2.    Following on from my earlier descriptive work, I developed a working hypothesis to harness the acute stress response to augment T-cell therapeutics and allogeneic peripheral blood stem cell transplantation. I showed for the first time that exercise evokes a preferential mobilization of T-cells specific to a number of herpes viruses (i.e. CMV, EBV) and increases their responses to viral antigens. Low numbers of antigen-specific T-cells in blood are a major limitation for the ex vivo manufacture of cytotoxic T-cells for adoptive transfer immunotherapy. I showed that a single bout of exercise can markedly augment the manufacture of T-cells specific to both virus and tumor antigens, thus making exercise a simple and economical adjuvant to boost immune cell manufacture for adoptive transfer in cancer patients.
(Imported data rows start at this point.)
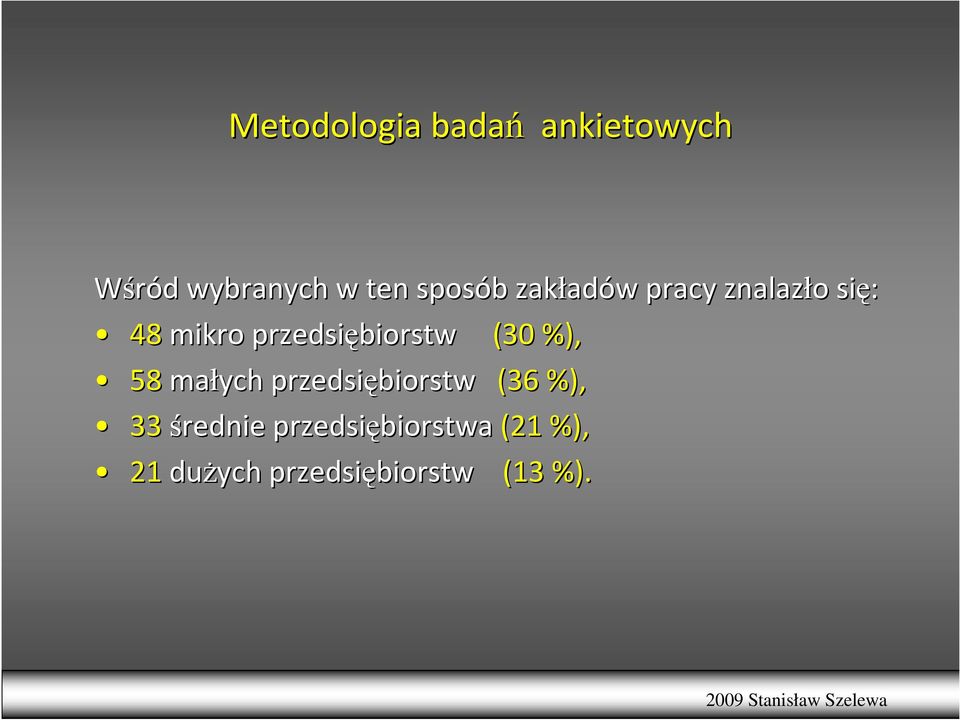 przedsiębiorstw (30 %), 58 małych przedsiębiorstw (36 %),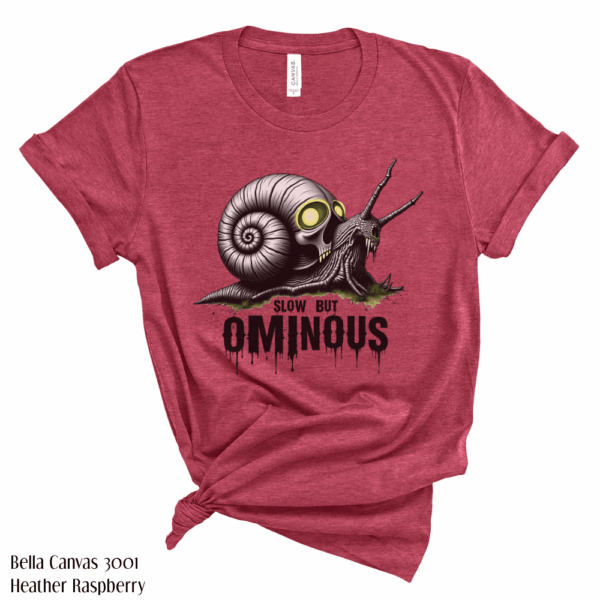 Slow But Ominous Snail: A Creepy Cute T-shirt for Bold Unique Styles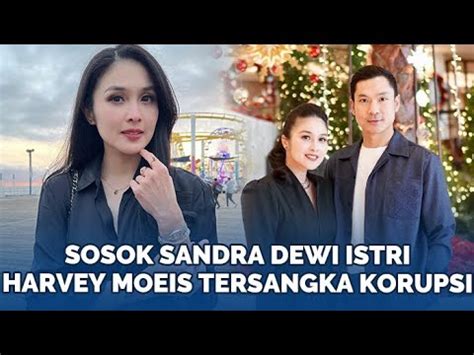 Sosok Sandra Dewi Istri Harvey Moeis Yang Berpotensi Jadi Tersangka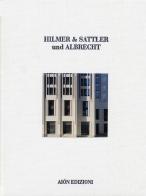 Hilmer & Sattler und Albrecht. 1968-2012. Maestri dell'architettura edito da Aion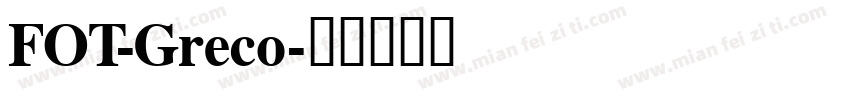 FOT-Greco字体转换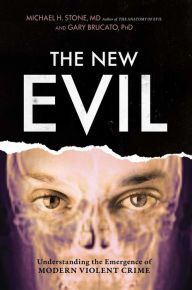 Title: The New Evil: Understanding the Emergence of Modern Violent Crime, Author: Michael H. Stone MD
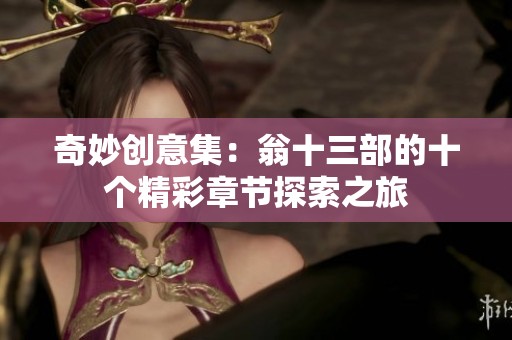 奇妙创意集：翁十三部的十个精彩章节探索之旅
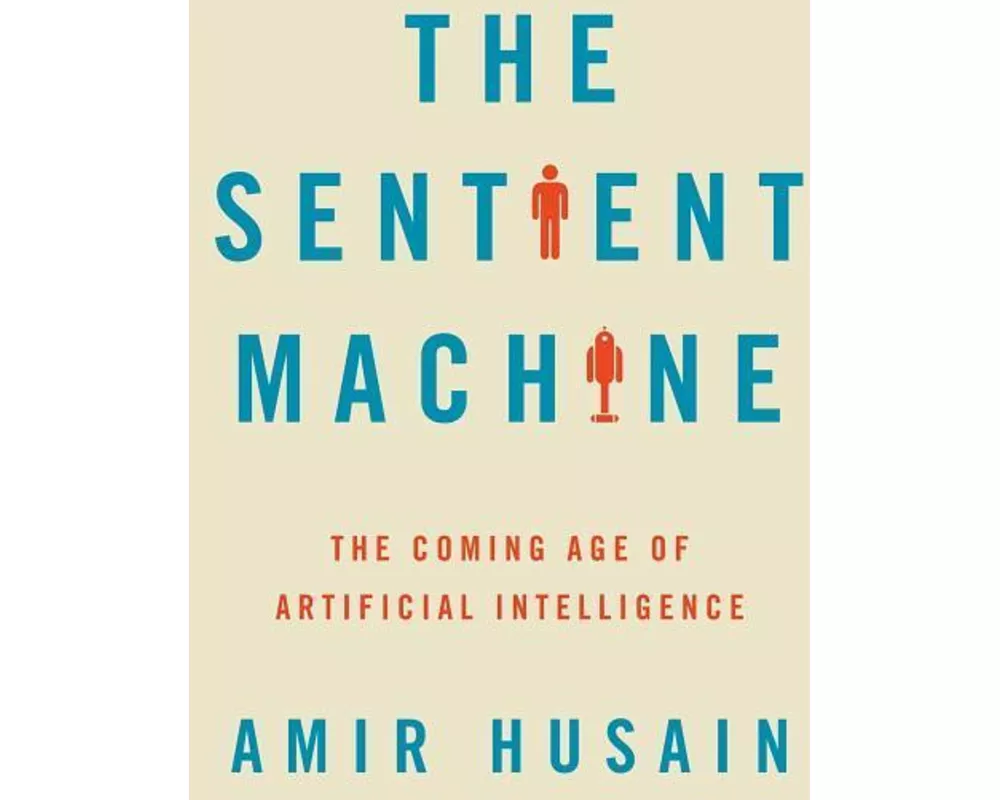 The Sentient Machine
Our most recent mechanistic work in this area has shown that exercise mobilizes and activates CD34+ stem cells, NK-cells and T-cells via signaling through the b2-adrenergic receptor, which we are now using as a therapeutic target to increase the efficacy and safety of allogeneic peripheral blood stem cell transplantation. I served as the senior investigator in all of these studies/papers:

a.    Agha NH, Baker FL, Kunz HE, Graff R, Azadan R, Dolan C, Laughlin MS, Hosing C, Markofski MM, Bond RA, Bollard CM & Simpson RJ. (2018). Vigorous exercise mobilizes CD34+ hematopoietic stem cells to peripheral blood via the β2-adrenergic receptor. Brain, Behavior and Immunity, 68, 66-75

b.    Graff RM, Kunz HE, Agha NH, Baker FL, Laughlin M, Bigley AB, Markofski MM, LaVoy EC, Katsanis E, Bond RA, Bollard CM, Simpson RJ. (2018) β2-adrenergic receptor signaling mediates the preferential mobilization of differentiated subsets of CD8+ T-cells, NK-cells and non-classical monocytes in response to acute exercise in humans. Brain, Behavior and Immunity, 74, 143-153.

c.    Simpson, R.J. A.B. Bigley, N. Agha, P.J. Hanley and C.M. Bollard (2017). Mobilizing immune cells for cancer immunotherapy. Exercise and Sports Sciences Reviews, 45, 163-172.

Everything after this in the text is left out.